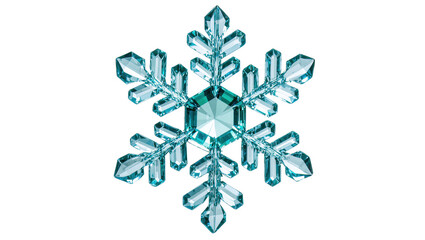 Obraz premium Isolated sparkling blue crystal snowflake, intricate design for winter and Christmas projects.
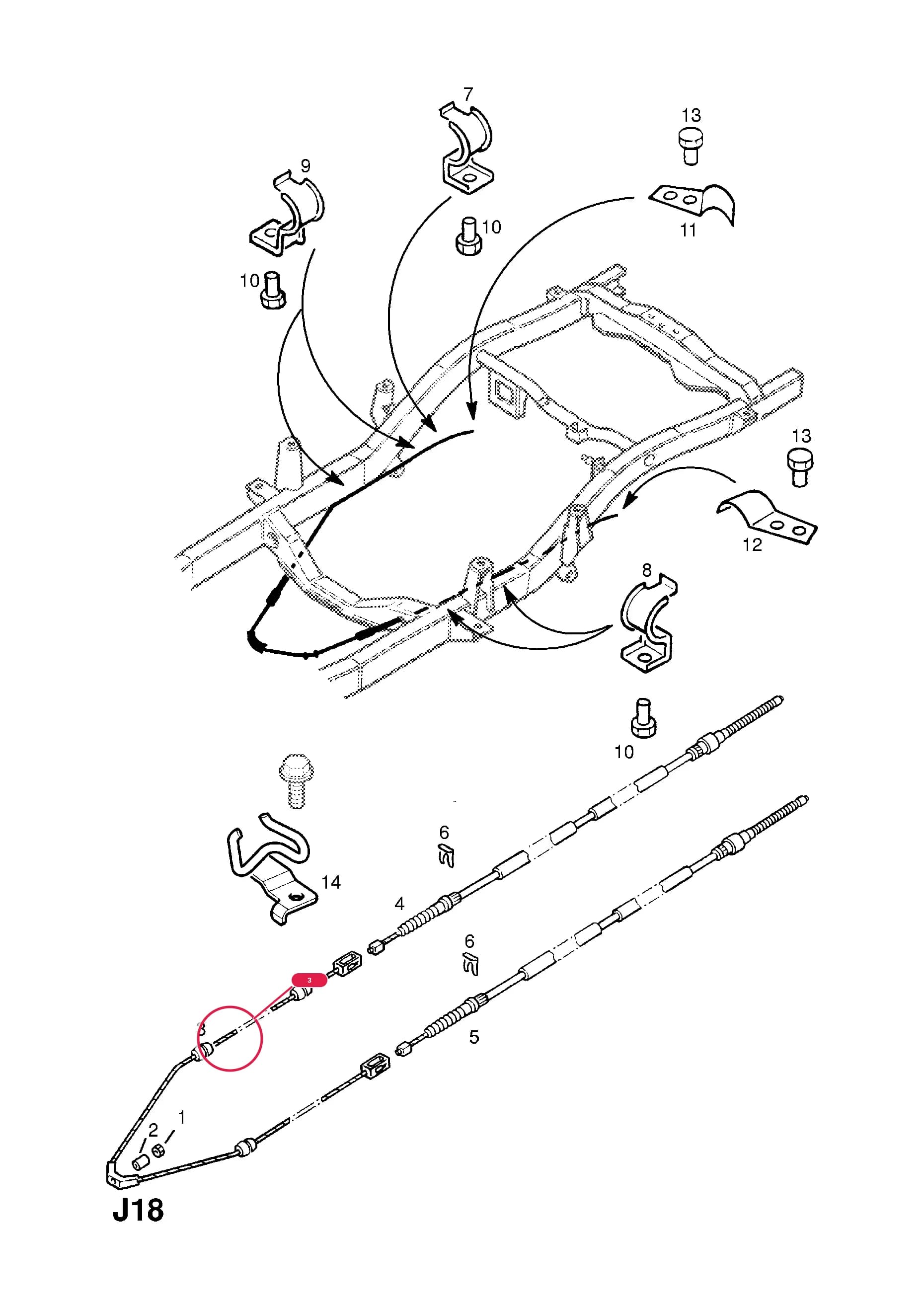 CABLE,ASSY.,HANDBRAKE,INTERMEDIATE — Opel  CAMPO ( 1997 -  2002) — J BRAKES › 24.HANDBRAKE CABLE (CONTD.)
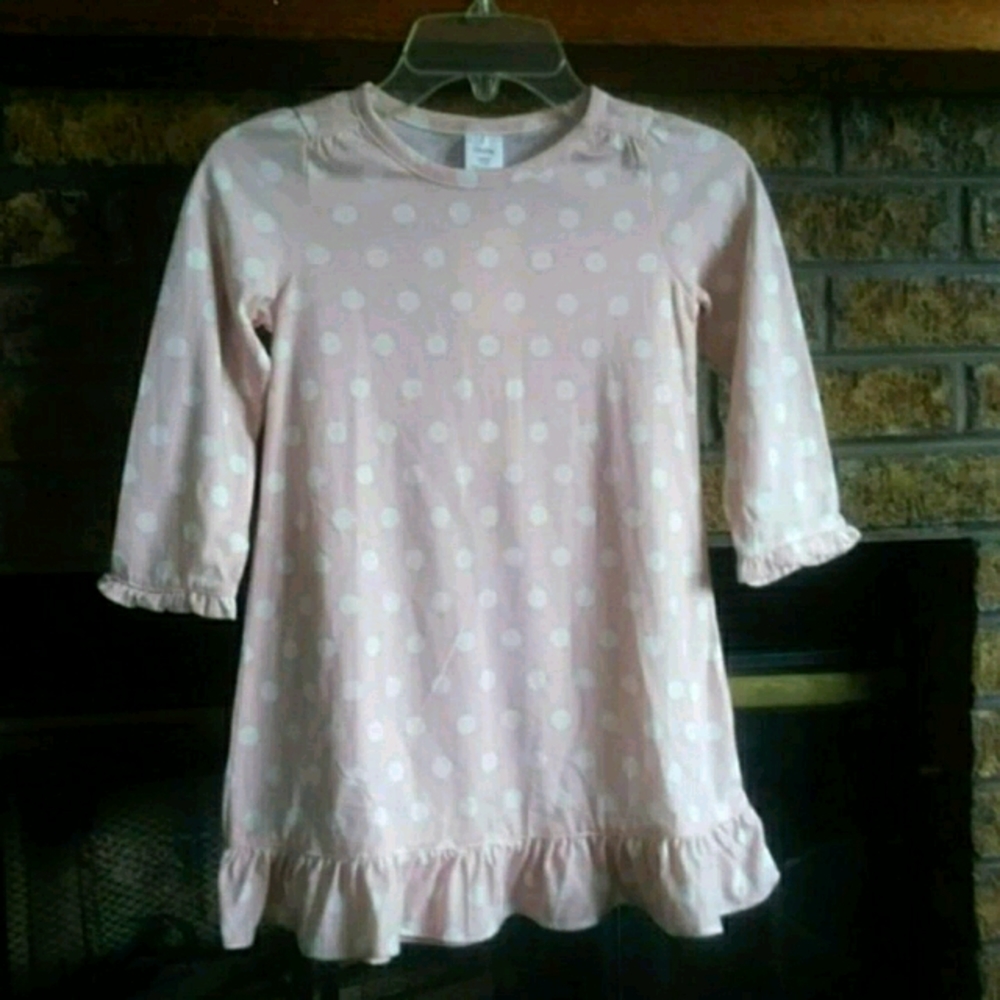 NWT Gap pink white polka dot ruffled nightdress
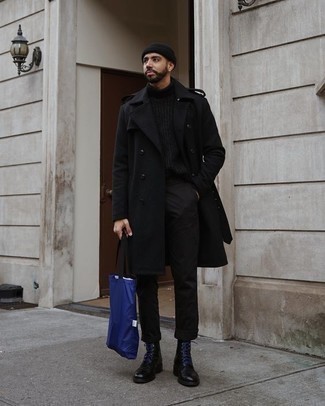 С чем носить черную вязаную водолазку мужчине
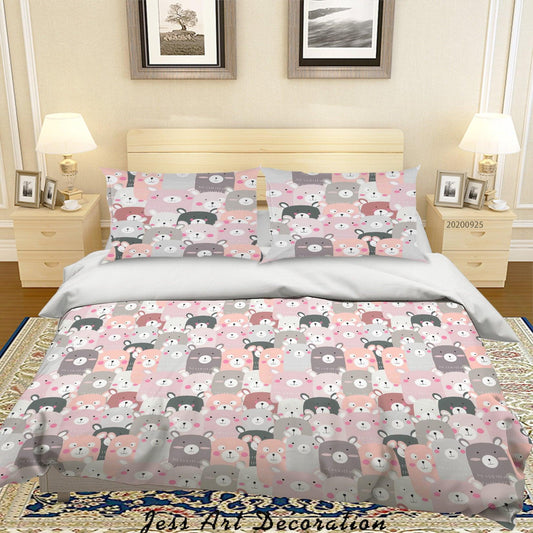 3D Cartoon Animal Bear Pattern Quilt Cover Set Bedding Set Duvet Cover Pillowcases WJ 6409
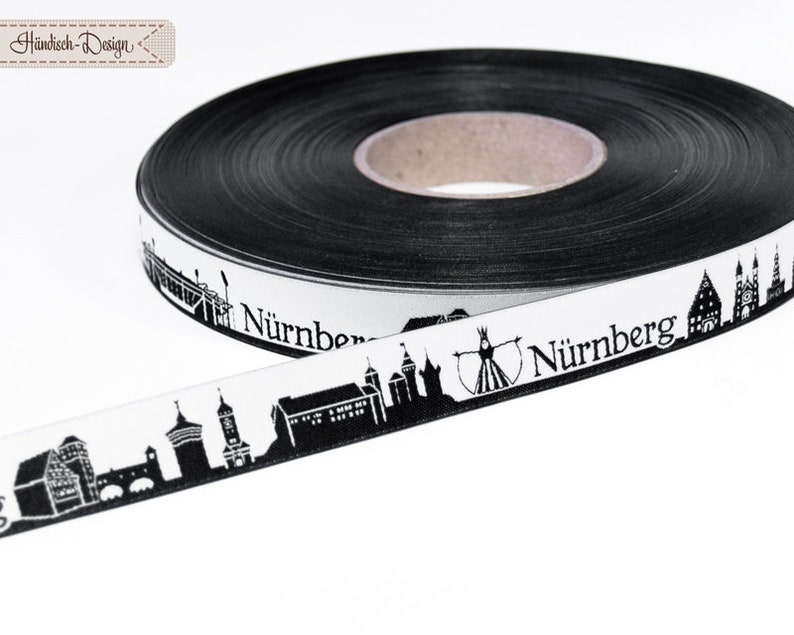 Nuremberg Skyline woven ribbon black/white red/white image 4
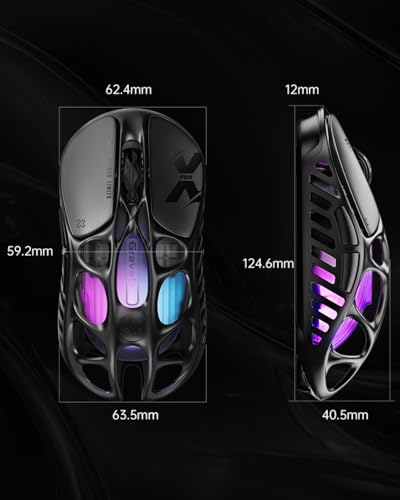 GravaStar Mercury X Pro Wireless Gaming Mouse, Come with 8K Dongle – 32,000 DPI PAW 3950 Sensor, 8,000Hz Polling Rate, Only 49g, Magnesium Alloy Hollow Frame, RGB Lighting, 5 Programmable Buttons - color: Black, style: 8K Polling Rate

++++++++++++++++++++

**What the task asks**
The answer must be the entries above, printed exactly, with no pictures.

**Final answer**
 Obraz premium Isolated sparkling blue crystal snowflake, intricate design for winter and Christmas projects.
 CABLE,ASSY.,HANDBRAKE,INTERMEDIATE — Opel  CAMPO ( 1997 -  2002) — J BRAKES › 24.HANDBRAKE CABLE (CONTD.)
 NWT Gap pink white polka dot ruffled nightdress
 С чем носить черную вязаную водолазку мужчине
 3D Cartoon Animal Bear Pattern Quilt Cover Set Bedding Set Duvet Cover Pillowcases WJ 6409
 Nuremberg Skyline woven ribbon black/white red/white image 4
 GravaStar Mercury X Pro Wireless Gaming Mouse, Come with 8K Dongle – 32,000 DPI PAW 3950 Sensor, 8,000Hz Polling Rate, Only 49g, Magnesium Alloy Hollow Frame, RGB Lighting, 5 Programmable Buttons - color: Black, style: 8K Polling Rate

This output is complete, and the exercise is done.